JointBDOE

Code for my paper Joint Multi-Person Body Detection and Orientation Estimation via One Unified Embedding

[2024-01-15] Recently, I found a paper published in CVPR'2020 with title Cylindrical Convolutional Networks for Joint Object Detection and Viewpoint Estimation may have done a similar work with this project.
[2023-03-16] We released our JointBDOE-S/M/L pretrained models on COCO-MEBOW in Hugging Face. Please follow the [Training and Testing] section to test on your own images/videos.

Abstract: Human body orientation estimation (HBOE) is widely applied into various applications, including robotics, surveillance, pedestrian analysis and autonomous driving. Although many approaches have been addressing the HBOE problem from specific under-controlled scenes to challenging in-the-wild environments, they assume human instances are already detected and take a well cropped sub-image as the input. This setting is less efficient and prone to errors in real application, such as crowds of people. In the paper, we propose a single-stage end-to-end trainable framework for tackling the HBOE problem with multi-persons. By integrating the prediction of bounding boxes and direction angles in one embedding, our method can jointly estimate the location and orientation of all bodies in one image directly.
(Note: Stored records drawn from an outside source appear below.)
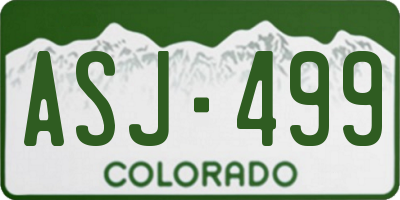 CO license plate ASJ499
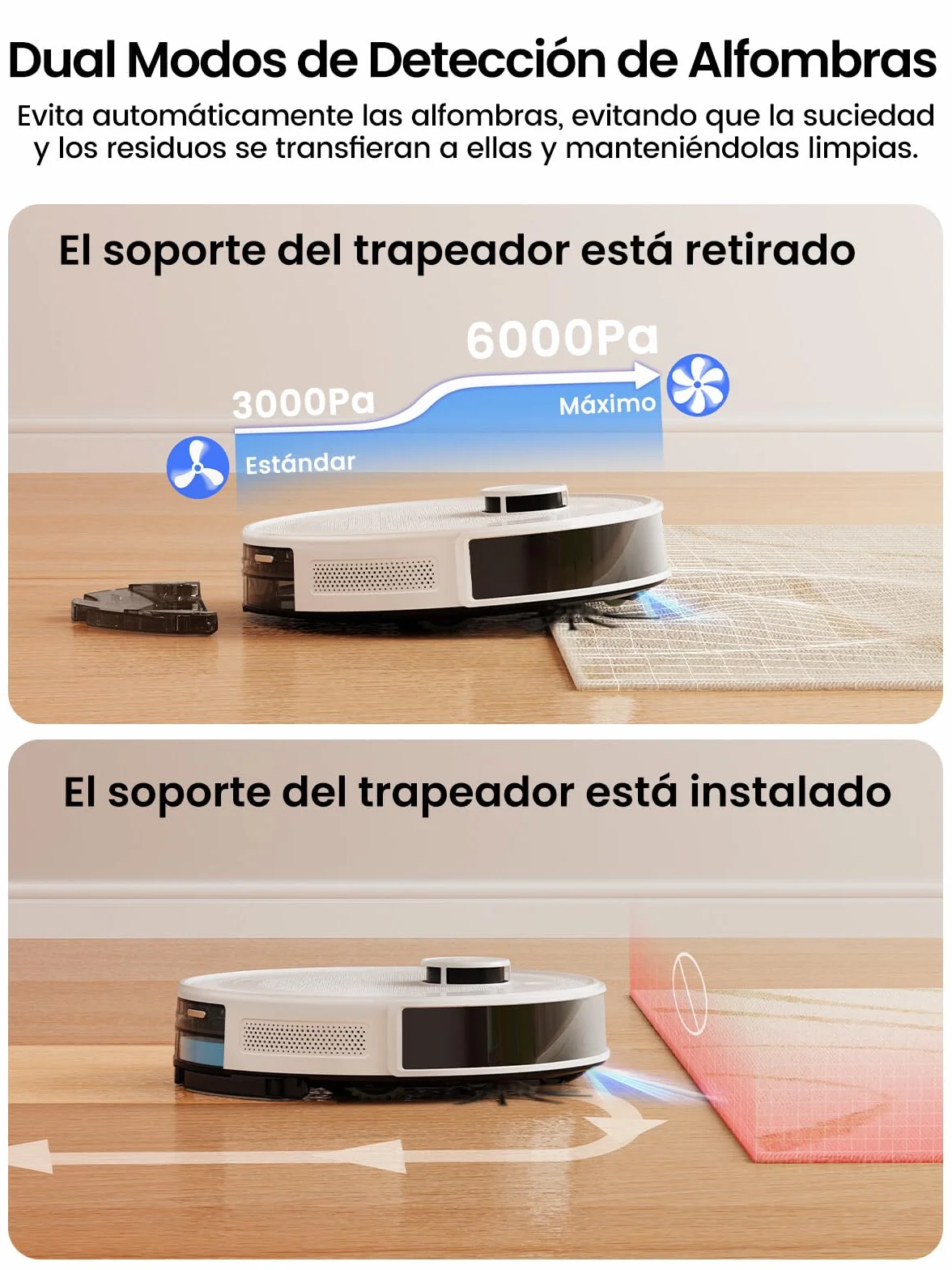 Lefant M2 Plus Robot Aspirador y Fregasuelos, 6000Pa con Estación de Vaciado Automático, Navegación Láser con Mapeo, Evitación de Obstáculos PSD, 140min Autonomía, Ideal para Pelos de Mascotas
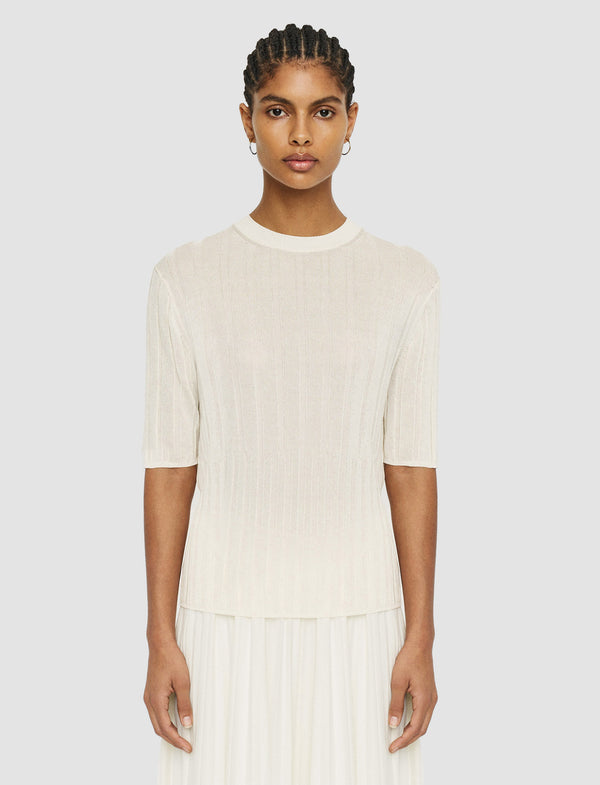 Joseph Crisp Rayon Knitted T-Shirt Ivory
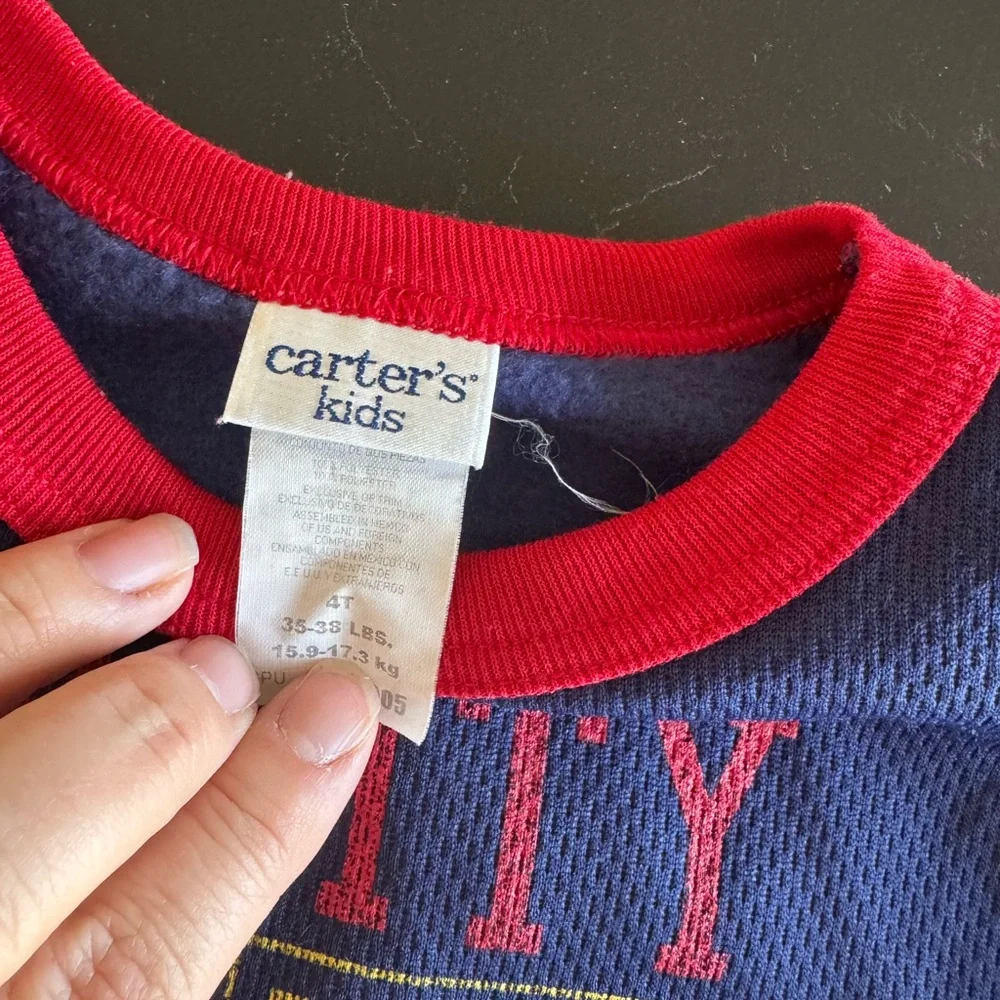 Vintage Carters Varsity‎ Football Kids Shirt - Blue and Red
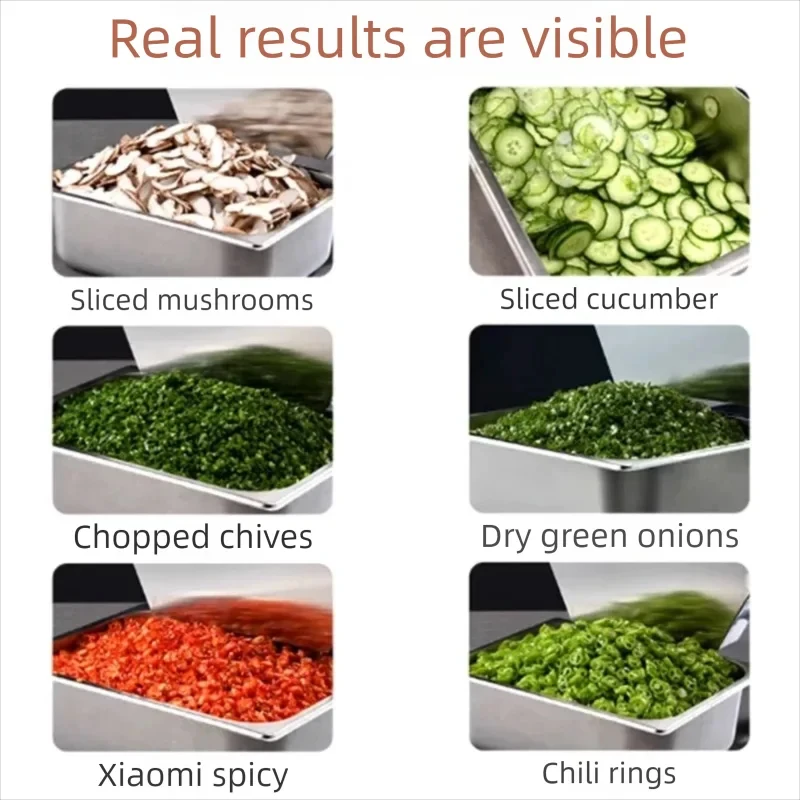 PBOBP Commercial Vegetable Dicer Slicer Shredder Electric Food Cutter Machine For Potato Carrot Radish Dicing Slicing Shredding
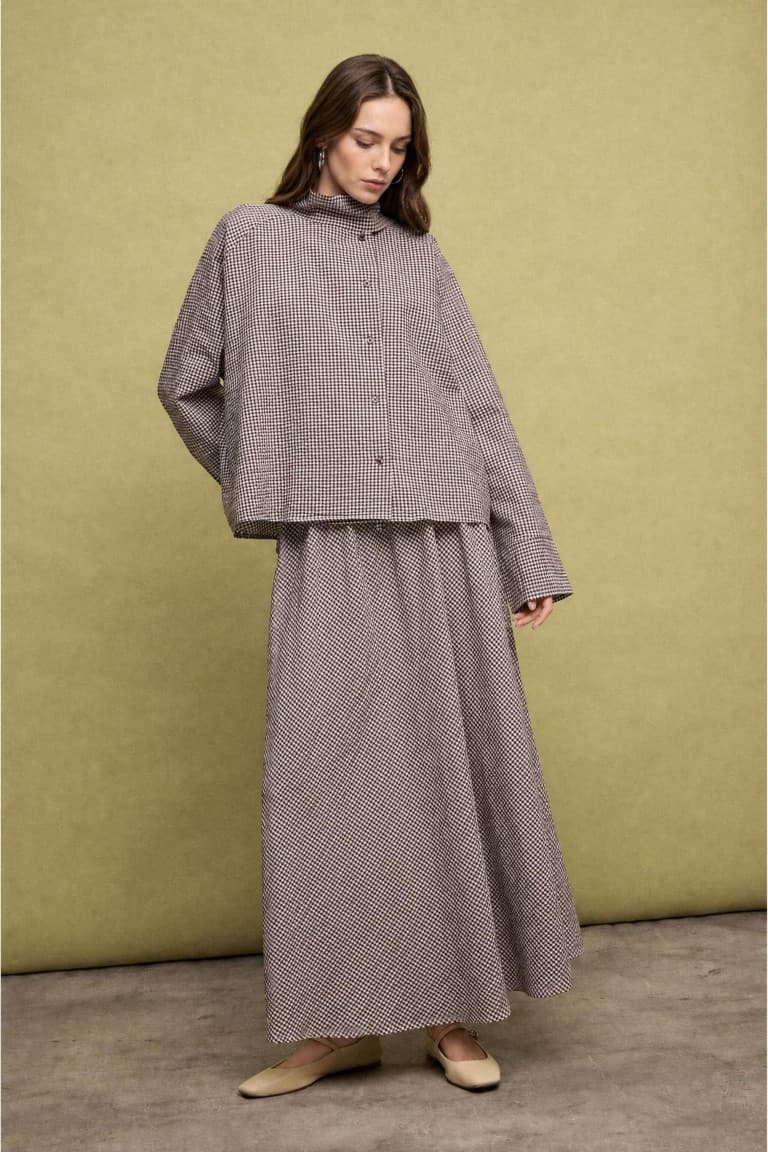 A-Line Patterned Maxi Skirt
Our key idea is to integrate the HBOE task into the multi-scale anchor channel predictions of persons for concurrently benefiting from engaged intermediate features. Therefore, our approach can naturally adapt to difficult instances involving low resolution and occlusion as in object detection. We validated the efficiency and effectiveness of our method in the recently presented benchmark MEBOW with extensive experiments. Besides, we completed ambiguous instances ignored by the MEBOW dataset, and provided corresponding weak body-orientation labels to keep the integrity and consistency of it for supporting studies toward multi-persons.
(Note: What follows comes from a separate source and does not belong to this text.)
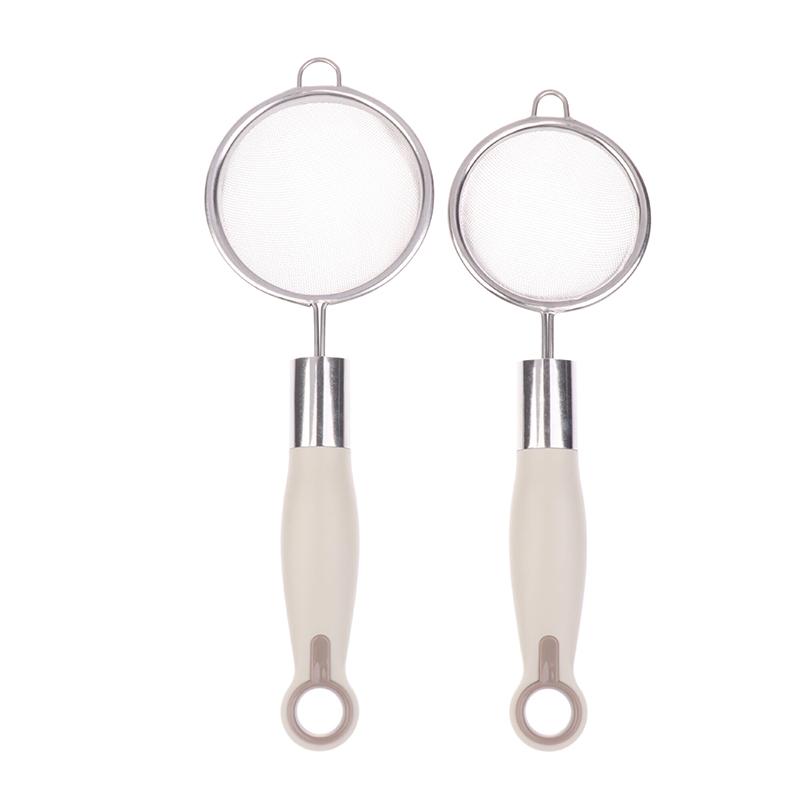 1/3Pcs Fine Mesh Flour Sieve 304 Stainless Steel Colander Juice Soybean Milk Filter Plastic Handle Oil Strainer Spoon Utensils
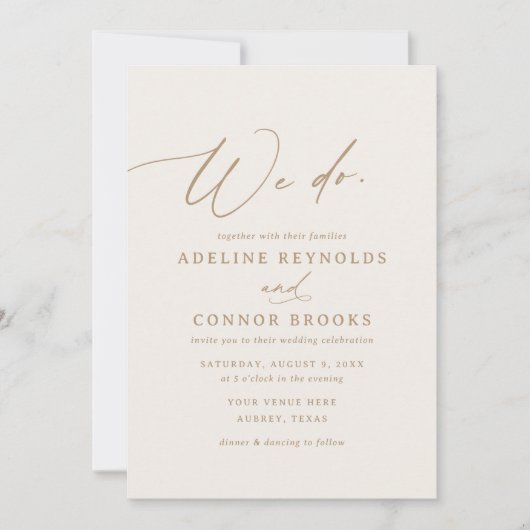 Elegant Goud en Ivoor Kalligrafie Wij Doen Bruilof Kaart (Voorkant)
Examples of COCO-MEBOW with full labels	The overall architecture of JointBDOE

Installation

Environment: Anaconda, Python3.8, PyTorch1.10.0(CUDA11.2), wandb

$ git clone https://github.com/hnuzhy/JointBDOE.git
$ pip install -r requirements.txt -i https://pypi.tuna.tsinghua.edu.cn/simple

# Codes are only evaluated on GTX3090 + CUDA11.2 + PyTorch1.10.0.
$ pip3 install torch==1.10.0+cu111 torchvision==0.11.1+cu111 torchaudio==0.10.0+cu111 \
  -f https://download.pytorch.org/whl/cu111/torch_stable.html

Dataset Preparing

Original MEBOW (CVPR2020) for singel-person BOE: Monocular Estimation of Body Orientation In the Wild [project link]. For the images, please download from MS-COCO. For its annotation, you can email czw390@psu.edu to get access to human body orientation annotation. More details can be found in their official [code in github]
Our Full MEBOW for multi-person BOE: After downloading both the original MEBOW annotations (train_hoe.json and val_hoe.json) and the COCO person annotations (person_keypoints_train2017.json and person_keypoints_val2017.json), also all COCO images labeled by MEBOW, you can follow steps below to generate annotations (JointBDOE_coco_weaklabel_train.json and JointBDOE_coco_weaklabel_val.json) for full MEBOW with weak labels.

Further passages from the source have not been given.